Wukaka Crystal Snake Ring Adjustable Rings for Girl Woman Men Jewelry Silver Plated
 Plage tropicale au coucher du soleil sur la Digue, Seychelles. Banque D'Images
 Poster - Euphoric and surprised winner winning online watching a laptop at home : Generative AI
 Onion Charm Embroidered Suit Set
------------------------------------------------
**Work item**.
Every line, from the one holding "Poster - Euphoric" through the last line of the material above, should be transcribed exactly, and no line outside that range.

**Exercise output**.
 Poster - Euphoric and surprised winner winning online watching a laptop at home : Generative AI
 Onion Charm Embroidered Suit Set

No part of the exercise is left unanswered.